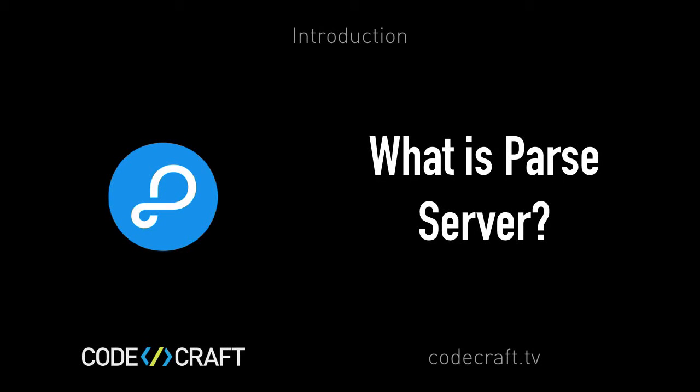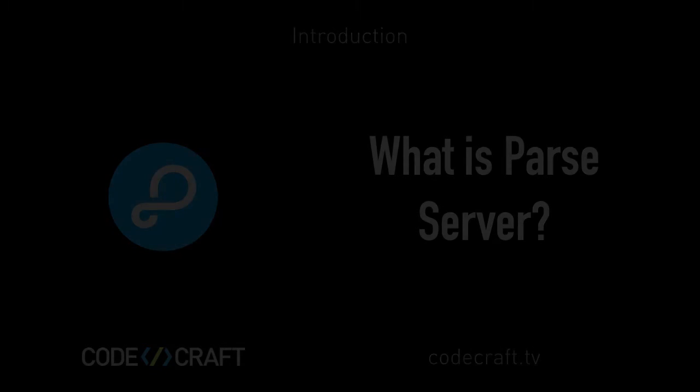So what is Parse Server? To build a web or mobile application, we need a backend, a server, a way to persist and share data across users, devices, and apps.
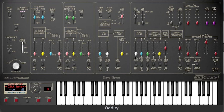So let's have a look at how to recreate this with the Oddity. Firstly, you'll need to make sure that duophonic mode is on. Unlike the Odyssey, the Oddity is switchable between monophonic and duophonic playing modes, so it's important to make sure this is set properly.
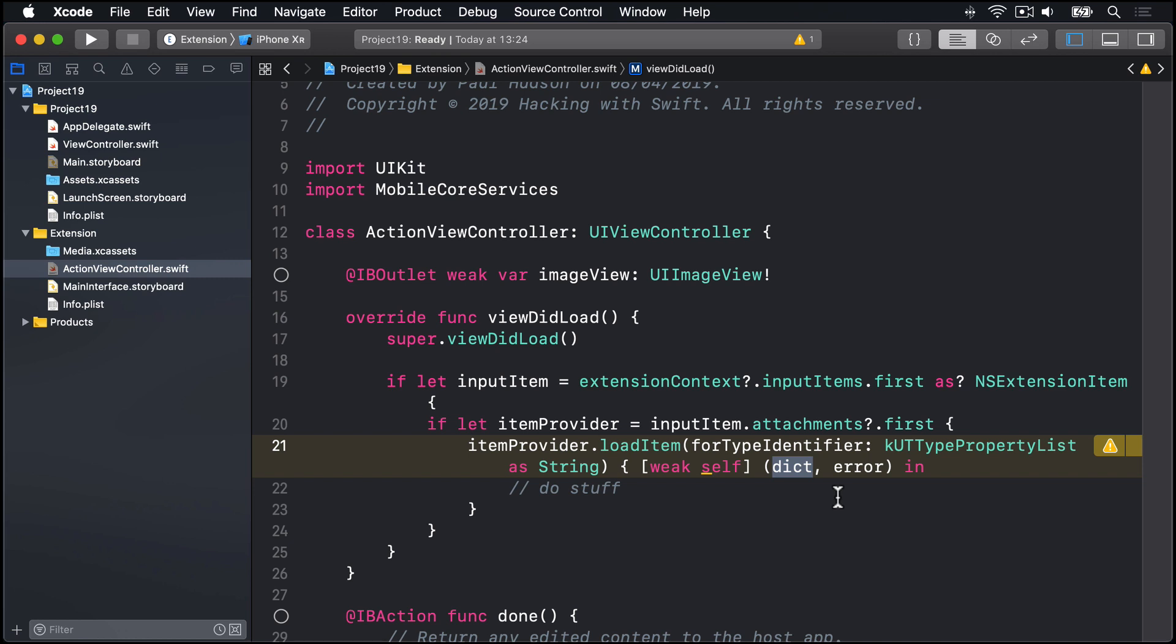So this code takes a number of shortcuts that Apple's own code does not, which is why it's significantly shorter. Once you've gotten to grips with this basic extension, I recommend you go back and look at Apple's template code to see how it loops through all the items and providers to find the first image it can. And despite all this work, you can't see results just yet. We need to do some configuration work first. Because Apple's default action extension is configured for images, not for web page content.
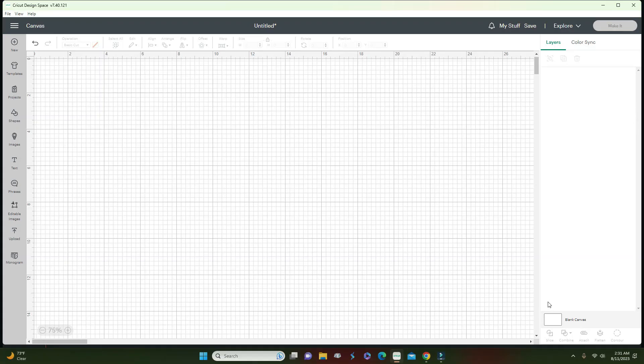Hey guys, welcome back to another video. In today's video I'm going to show you how you can save on material by adding more cutouts or stickers onto an 8.5 by 11 page, which is letter size, with a little hack. Let's get into it.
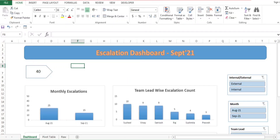Hello everyone, welcome back to BPA interview tutorials. We are continuing from our last video about the Excel escalation dashboard. I have uploaded four videos on the escalation dashboard — please watch parts one through four so you understand this video. Please share, subscribe, like, and share with friends looking for a job. You can also check the playlist for Yellow Belt certification, Excel, and quality related materials.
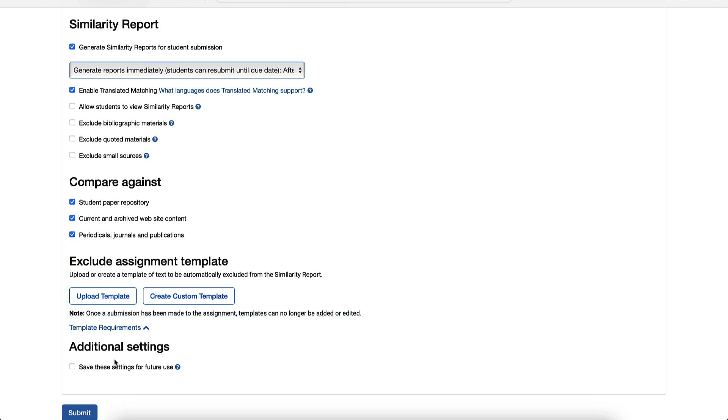Finally, if you think you will use similar options for future assignments, click the option to save these settings for next time. When you have completed setting up your assignment, click the Submit button. After the assignment is created, the details for the assignment will be available in student accounts enrolled in this class.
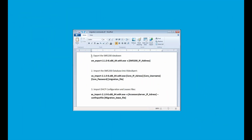Before we get into actually running the commands, let's take a closer look at them. The first is the export command for the SM5200 database. This captures the SM5200 database information and exports it to be imported into VideoExpert.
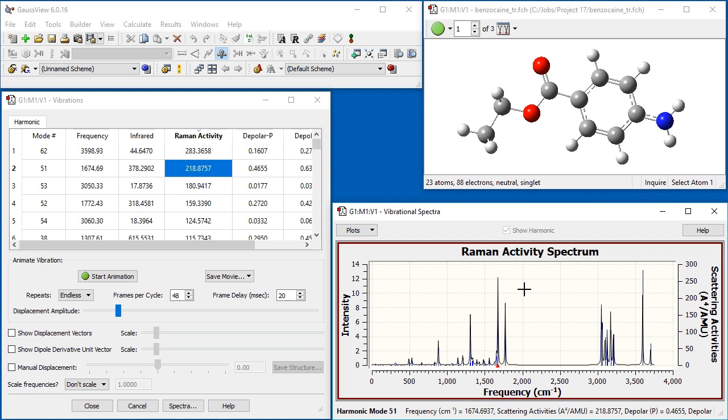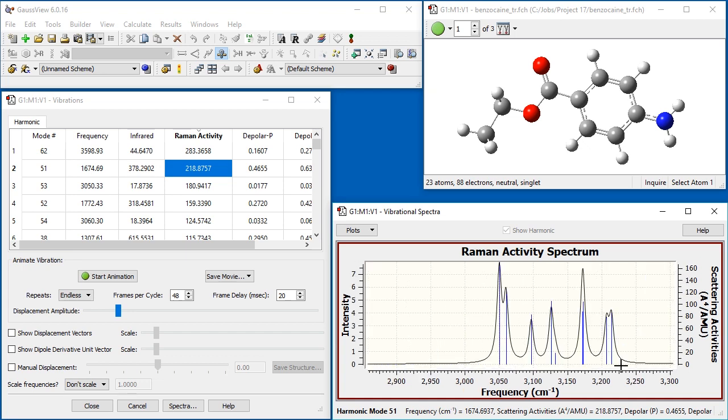There are many peaks quite close together and we would like a more detailed view of the range above 3000 wavenumbers. Clicking and dragging a rectangle within any spectrum display zooms in on that portion of the graph. You can repeatedly zoom as much as you like.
──────────
Task directions:
Find where the line with "Hey guys, welcome" sits in the material above and where the line with "Before we get" sits. Set down exactly the lines from the first to the second, both included and nothing else, without pictures.

Response to this task:
Hey guys, welcome back to another video. In today's video I'm going to show you how you can save on material by adding more cutouts or stickers onto an 8.5 by 11 page, which is letter size, with a little hack. Let's get into it.
Hello everyone, welcome back to BPA interview tutorials. We are continuing from our last video about the Excel escalation dashboard. I have uploaded four videos on the escalation dashboard — please watch parts one through four so you understand this video. Please share, subscribe, like, and share with friends looking for a job. You can also check the playlist for Yellow Belt certification, Excel, and quality related materials.
Finally, if you think you will use similar options for future assignments, click the option to save these settings for next time. When you have completed setting up your assignment, click the Submit button. After the assignment is created, the details for the assignment will be available in student accounts enrolled in this class.
Before we get into actually running the commands, let's take a closer look at them. The first is the export command for the SM5200 database. This captures the SM5200 database information and exports it to be imported into VideoExpert.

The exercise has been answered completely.